Hash support for row types

Add hash functions for the record type as well as a hash operator family and operator class for the record type. This enables all the hash functionality for the record type such as hash-based plans for UNION/INTERSECT/EXCEPT DISTINCT, recursive queries using UNION DISTINCT, hash joins, and hash partitioning. Reviewed-by: Tom Lane <tgl@sss.pgh.pa.us> Discussion: https://www.postgresql.org/message-id/flat/38eccd35-4e2d-6767-1b3c-dada1eac3124%402ndquadrant.com
author: Peter Eisentraut 2020-11-19 08:24:37 +0000
committer: Peter Eisentraut 2020-11-19 08:32:47 +0000
commit: 01e658fa74cb7e3292448f6663b549135958003b (patch)
tree: d87a206912e085d7bcdadc424b571055055e58e2 /src/test
parent: 7888b0999488511e4266f2134053fa3a6505a155 (diff)
8 files changed, 130 insertions, 40 deletions
diff --git a/src/test/regress/expected/hash_func.out b/src/test/regress/expected/hash_func.out
index e7d615fde59..daeb3e118dd 100644
--- a/src/test/regress/expected/hash_func.out
+++ b/src/test/regress/expected/hash_func.out
@@ -305,3 +305,24 @@ WHERE  hash_range(v)::bit(32) != hash_range_extended(v, 0)::bit(32)

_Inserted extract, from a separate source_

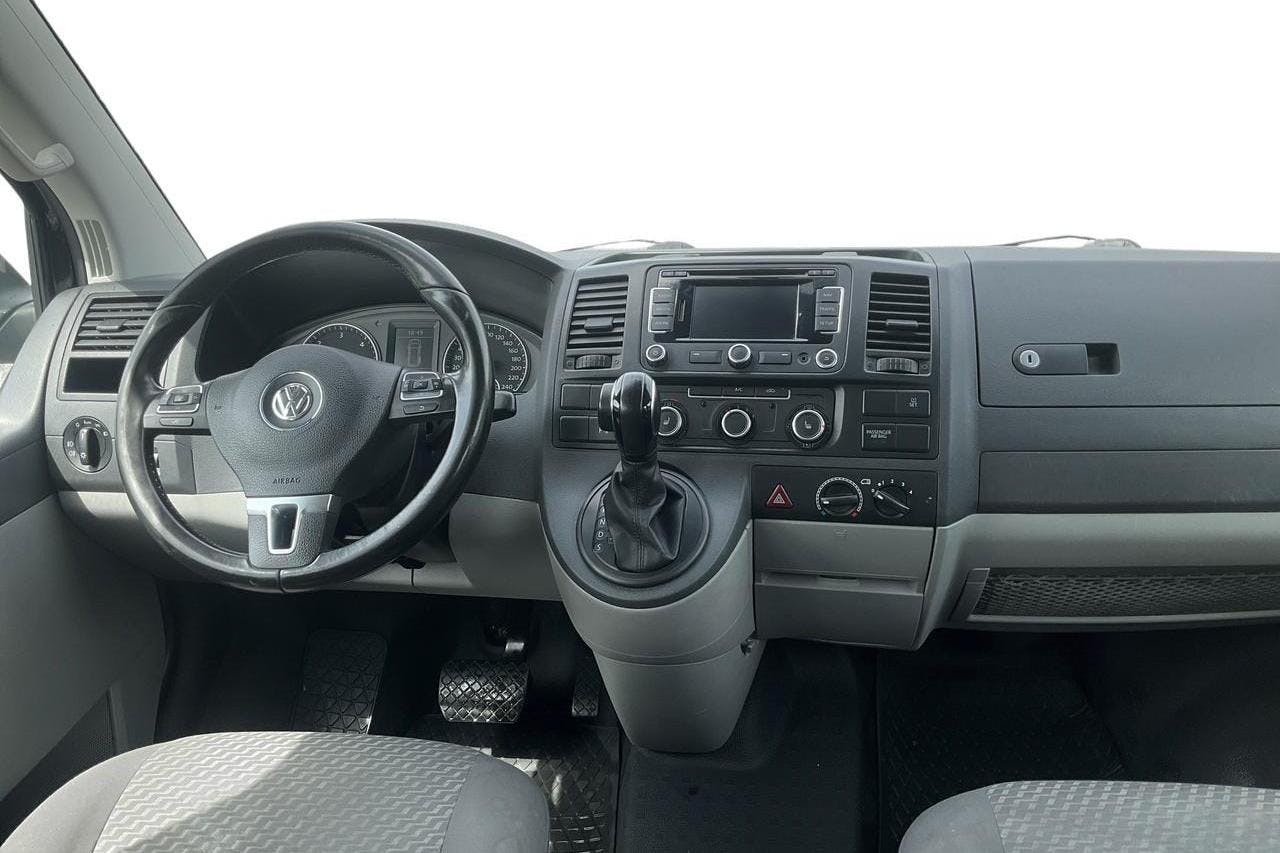 VW Transporter Kombi T5 2.0 TDI 4MOTION (180hk) - 275 910 km - Automaatne - Dark Brown - 2013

 -------+----------+-----------+-----------
 (0 rows)
 
+CREATE TYPE t1 AS (a int, b text);
+SELECT v as value, hash_record(v)::bit(32) as standard,
+       hash_record_extended(v, 0)::bit(32) as extended0,
+       hash_record_extended(v, 1)::bit(32) as extended1
+FROM   (VALUES (row(1, 'aaa')::t1, row(2, 'bbb'), row(-1, 'ccc'))) x(v)
+WHERE  hash_record(v)::bit(32) != hash_record_extended(v, 0)::bit(32)

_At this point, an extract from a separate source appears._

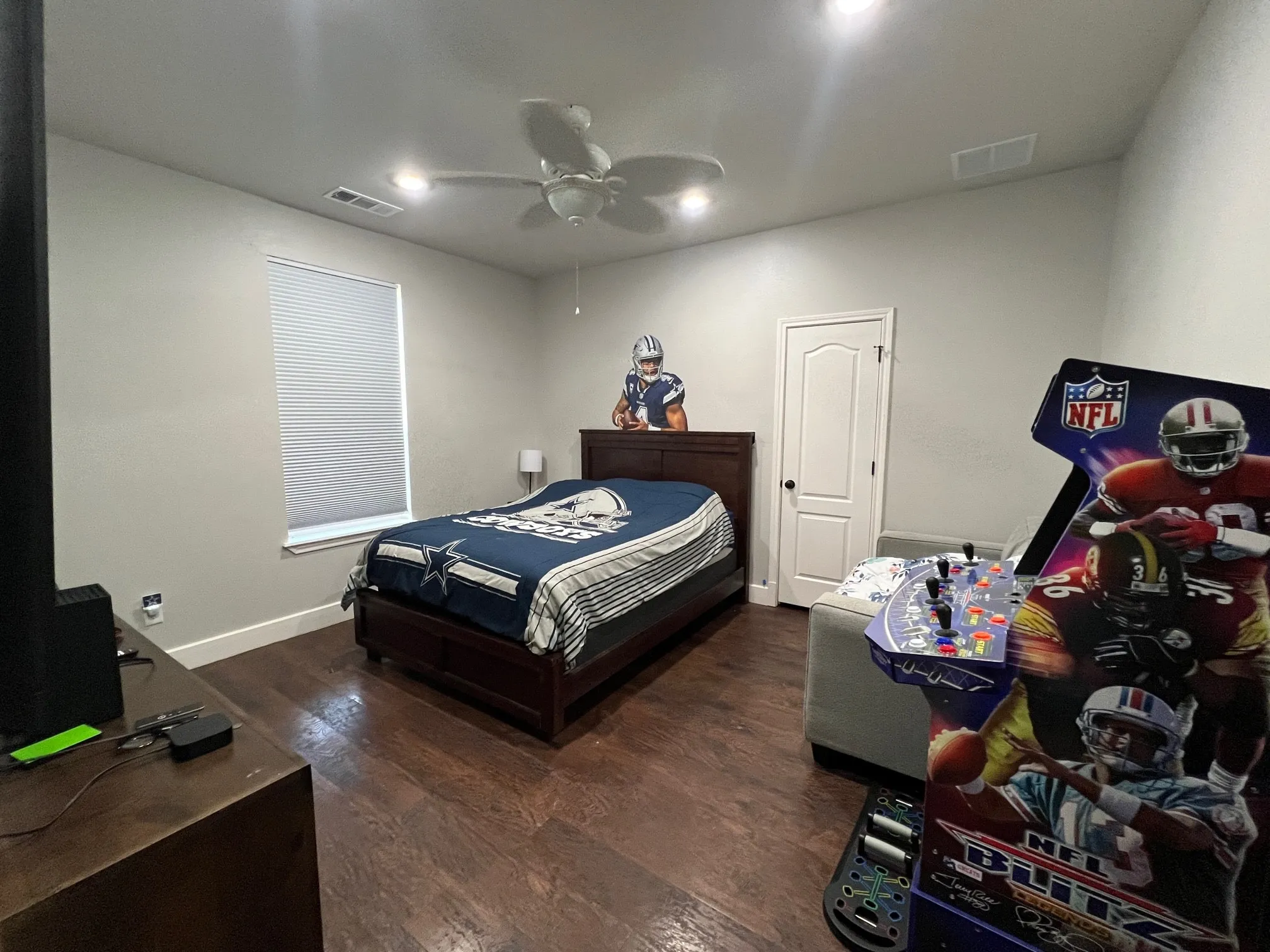Guest Bedroom #1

+       OR hash_record(v)::bit(32) = hash_record_extended(v, 1)::bit(32);
+ value | standard | extended0 | extended1 
+-------+----------+-----------+-----------
+(0 rows)
+
+DROP TYPE t1;
+-- record hashing with non-hashable field type
+CREATE TYPE t2 AS (a money, b text);
+SELECT v as value, hash_record(v)::bit(32) as standard
+FROM   (VALUES (row(1, 'aaa')::t2)) x(v);
+ERROR:  could not identify a hash function for type money
+SELECT v as value, hash_record_extended(v, 0)::bit(32) as extended0
+FROM   (VALUES (row(1, 'aaa')::t2)) x(v);
+ERROR:  could not identify an extended hash function for type money
+DROP TYPE t2;
diff --git a/src/test/regress/expected/join.out b/src/test/regress/expected/join.out
index 6c9a5e26dde..60b621b651f 100644
--- a/src/test/regress/expected/join.out
+++ b/src/test/regress/expected/join.out
@@ -2707,6 +2707,7 @@ select a.idv, b.idv from tidv a, tidv b where a.idv = b.idv;
 (5 rows)
 
 set enable_mergejoin = 0;
+set enable_hashjoin = 0;
 explain (costs off)
 select a.idv, b.idv from tidv a, tidv b where a.idv = b.idv;
                      QUERY PLAN                     
diff --git a/src/test/regress/expected/union.out b/src/test/regress/expected/union.out
index 22e1ff5c42d..75f78db8f58 100644
--- a/src/test/regress/expected/union.out
+++ b/src/test/regress/expected/union.out
@@ -646,40 +646,36 @@ select x from (values (array[1, 2]), (array[1, 3])) _(x) except select x from (v
 reset enable_hashagg;
 -- records
 set enable_hashagg to on;
--- currently no hashing support for record, so these will still run with sort plans:
 explain (costs off)
 select x from (values (row(1, 2)), (row(1, 3))) _(x) union select x from (values (row(1, 2)), (row(1, 4))) _(x);
-                  QUERY PLAN                   
------------------------------------------------
- Unique
-   ->  Sort
-         Sort Key: "*VALUES*".column1
-         ->  Append
-               ->  Values Scan on "*VALUES*"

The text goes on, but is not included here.